══ GIVEN INFORMATION ══

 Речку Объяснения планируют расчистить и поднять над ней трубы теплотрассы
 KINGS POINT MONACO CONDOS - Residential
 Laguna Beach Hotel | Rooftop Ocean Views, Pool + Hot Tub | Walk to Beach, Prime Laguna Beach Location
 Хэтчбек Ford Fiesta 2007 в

═══

**WORK TO COMPLETE:** Give every part of the material again, exactly as written.

**SOLUTION TO THE PROBLEM:**
 Речку Объяснения планируют расчистить и поднять над ней трубы теплотрассы
 KINGS POINT MONACO CONDOS - Residential
 Laguna Beach Hotel | Rooftop Ocean Views, Pool + Hot Tub | Walk to Beach, Prime Laguna Beach Location
 Хэтчбек Ford Fiesta 2007 в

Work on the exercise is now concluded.